The BIP team mentioned efb & efb-like infections are very prevalent in a lot of operations in the PNW this year. 

One may want to consider other tools than just TM. Hygenic queens and nutrition are a good start but we also need to consider resistance management when it comes to antibiotics. TM has been around a long time and been arguably over used. When it comes to antibiotics one should avoid prophylactic treatment if at all possible and if treatment becomes necessary rotate therapeutic materials. Lincomycin has been labeled for bees for a while now. I'm surprised we haven't heard more about it. It works very well... for now. I'm sure irresponsible overuse is a possibility if not an eventuality.

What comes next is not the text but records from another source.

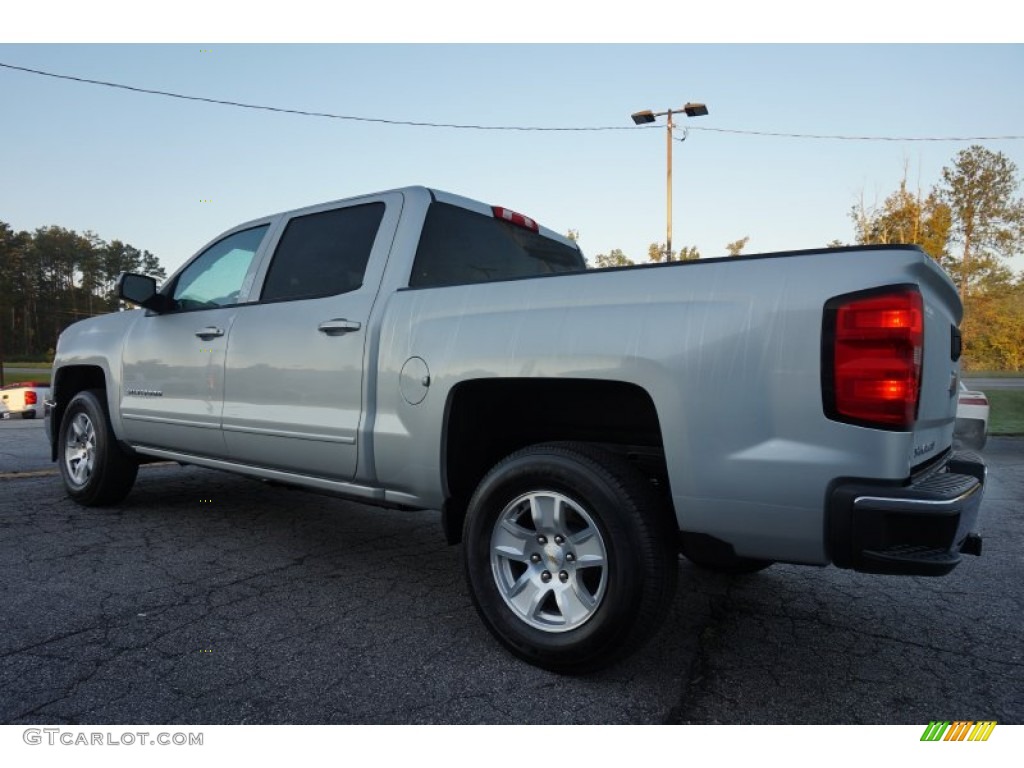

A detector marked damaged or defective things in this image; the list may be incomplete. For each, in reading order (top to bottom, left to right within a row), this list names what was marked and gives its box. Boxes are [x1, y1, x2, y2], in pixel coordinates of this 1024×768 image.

cracked asphalt [0, 417, 1019, 724]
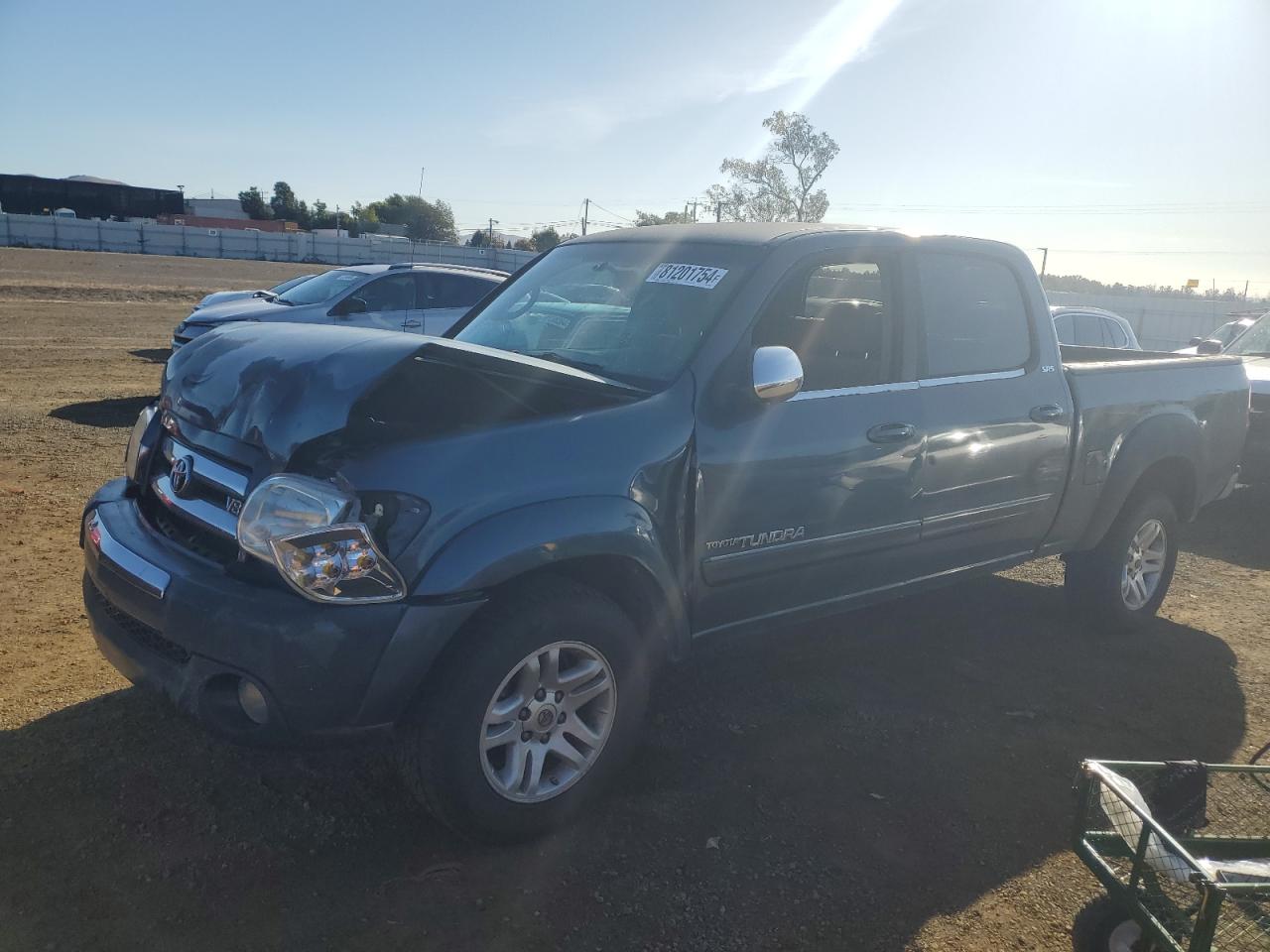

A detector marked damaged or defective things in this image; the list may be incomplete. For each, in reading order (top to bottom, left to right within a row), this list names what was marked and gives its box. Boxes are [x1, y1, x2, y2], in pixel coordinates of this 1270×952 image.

crumpled hood [161, 322, 635, 467]
damaged pickup truck [81, 223, 1249, 842]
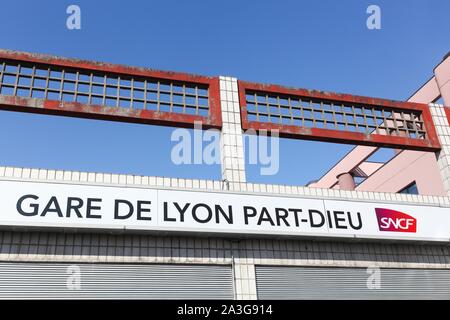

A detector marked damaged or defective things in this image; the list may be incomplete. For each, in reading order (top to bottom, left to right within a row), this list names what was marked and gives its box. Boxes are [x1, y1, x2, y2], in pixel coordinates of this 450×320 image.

rusted metal lattice beam [0, 49, 222, 129]
rusted metal lattice beam [239, 79, 440, 151]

http://www.drugs.com/vet/lincomix-soluble-powder.html


----------



## jim lyon (Feb 19, 2006)

JBJ said:


> The BIP team mentioned efb & efb-like infections are very prevalent in a lot of operations in the PNW this year.
> 
> One may want to consider other tools than just TM. Hygenic queens and nutrition are a good start but we also need to consider resistance management when it comes to antibiotics. TM has been around a long time and been arguably over used. When it comes to antibiotics one should avoid prophylactic treatment if at all possible and if treatment becomes necessary rotate therapeutic materials. Lincomycin has been labeled for bees for a while now. I'm surprised we haven't heard more about it. It works very well... for now. I'm sure irresponsible overuse is a possibility if not an eventuality.
> 
> http://www.drugs.com/vet/lincomix-soluble-powder.html


I did not know this. I notice it's not labeled for EFB, though.


----------



## JSL (Sep 22, 2007)

John,

Do you have any experience using Lincomycin for EFB?

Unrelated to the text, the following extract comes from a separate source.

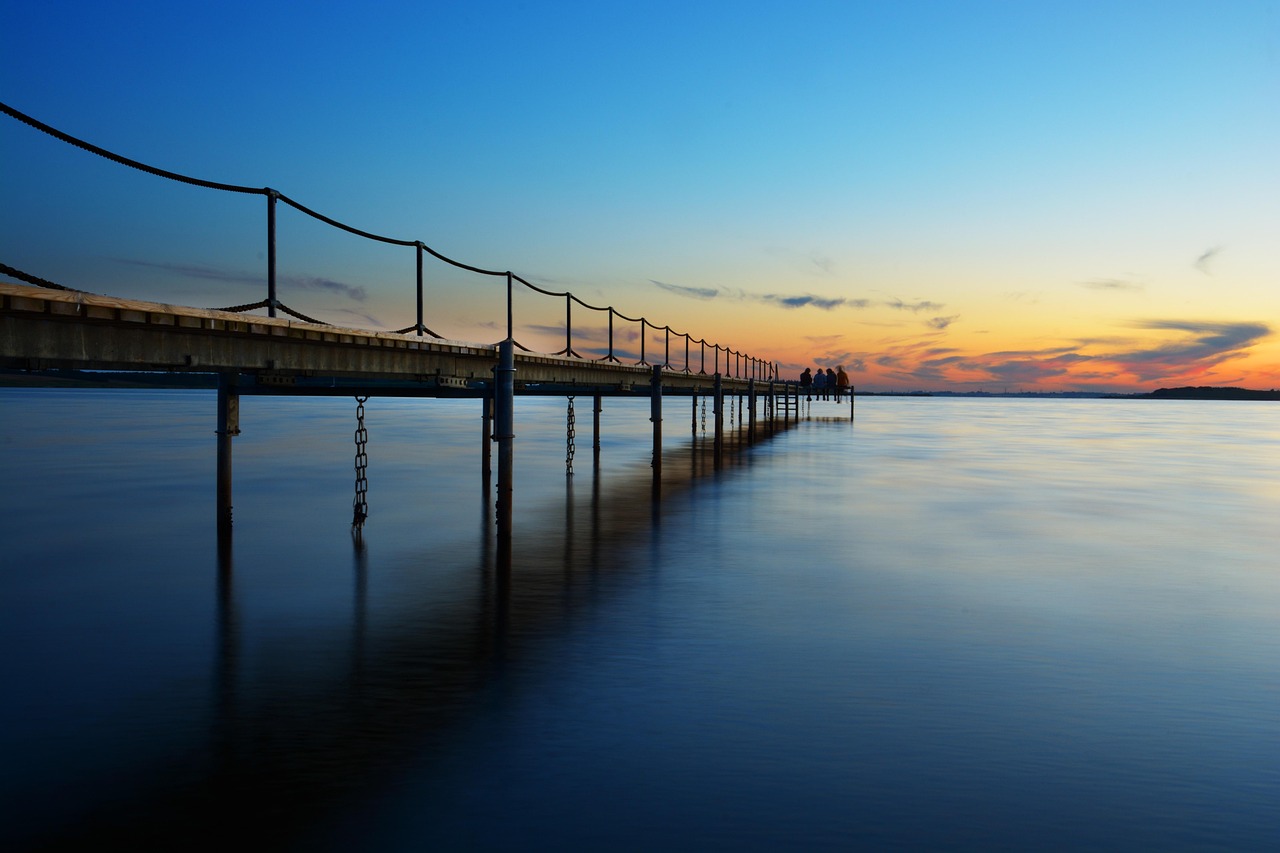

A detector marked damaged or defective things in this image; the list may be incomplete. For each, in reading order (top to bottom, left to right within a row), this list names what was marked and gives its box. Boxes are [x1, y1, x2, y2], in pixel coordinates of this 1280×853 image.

rusted metal post [216, 371, 239, 537]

It has been a number of years ago, so the recommendation may have changed, but I had a conversation with a researcher regarding hygienic behavior and VSH and their impact on diseases such as EFB. The response was theoretical, but interesting in that increased exposure to the disease may actually increase spread of the disease. Again, it has been a while and recommendations may have changed...


----------



## wildbranch2007 (Dec 3, 2008)

they only tested it on AFB here is the write up.

http://www.fda.gov/downloads/Animal...lDrugProducts/FOIADrugSummaries/UCM307845.pdf


----------



## pppswing (Dec 19, 2013)

EFB is due to poor nutrition, beekeeping practice, and genetics.

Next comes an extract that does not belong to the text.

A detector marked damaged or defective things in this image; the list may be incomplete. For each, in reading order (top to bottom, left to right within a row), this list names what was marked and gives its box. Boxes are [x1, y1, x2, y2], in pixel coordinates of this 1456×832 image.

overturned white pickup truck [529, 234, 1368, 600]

Antibiotics should not be used to mask EFB symptoms. 

Firstly because you don't treat the real causes, secondly bacterias and fungie responsible of EFB will develop resistance to antibiotics.
Then antibiotics with residues and their metabolites will remain in wax and possibly honey.

Frame and wax renewal, quality feeding and environment, good beekeeping practise should make EFB disapear.
If despite your effort, there is still EFB, poor genetics is responsible, you shoud then renew the queen either by yourself or from a supplier of quality queens.

Antibiotics is for lazy people, it's a short term solution with terrible long term impact.


----------



## beebze (Sep 24, 2007)

"Antibiotics is for lazy people" All the Commercial beekeepers that I know aren't consider to be "Lazy". Most use antibiotics in there program, one way or another.


----------



## jim lyon (Feb 19, 2006)

Pppswing makes some valid points about dealing with EFB in general but he seems to be making a lot of assumptions about a situation in which he has had no direct experience. Yes, as he says, "quality feeding (foraging I assume) and environment" are important. That's hardly news and far easier said than done when bees are often being moved, expected to begin brooding up in the middle of the winter and then often exposed to fungicides and a myriad of other stressors. I rarely saw EFB until a decade or so ago and never treated specifically for it. So what's changed? Could be its a tougher strain, could be varroa, could be poorer forage, could be fungicides and exposure to new and different pesticides, or it could be the now common practices of moving hives 1,000's of miles and overpopulating orchards for pollination. Most likely its some combination of all of the above. But beekeeper laziness? I don't think so.


----------



## pppswing (Dec 19, 2013)

I have some cases of EFB, 5% mostly in early spring when colonies expand and yet could not warm up properly brood nest, when I'm inspecting hive too early or pollen quality is poor or missing. Most of thoses cases recover by themselves, I renew frames, compact the colony, sometime I give pollen and yeast, some syrup. 

When I got EFB in summer I suspect queen genetics and I renew the queen (2 cases out of 1000).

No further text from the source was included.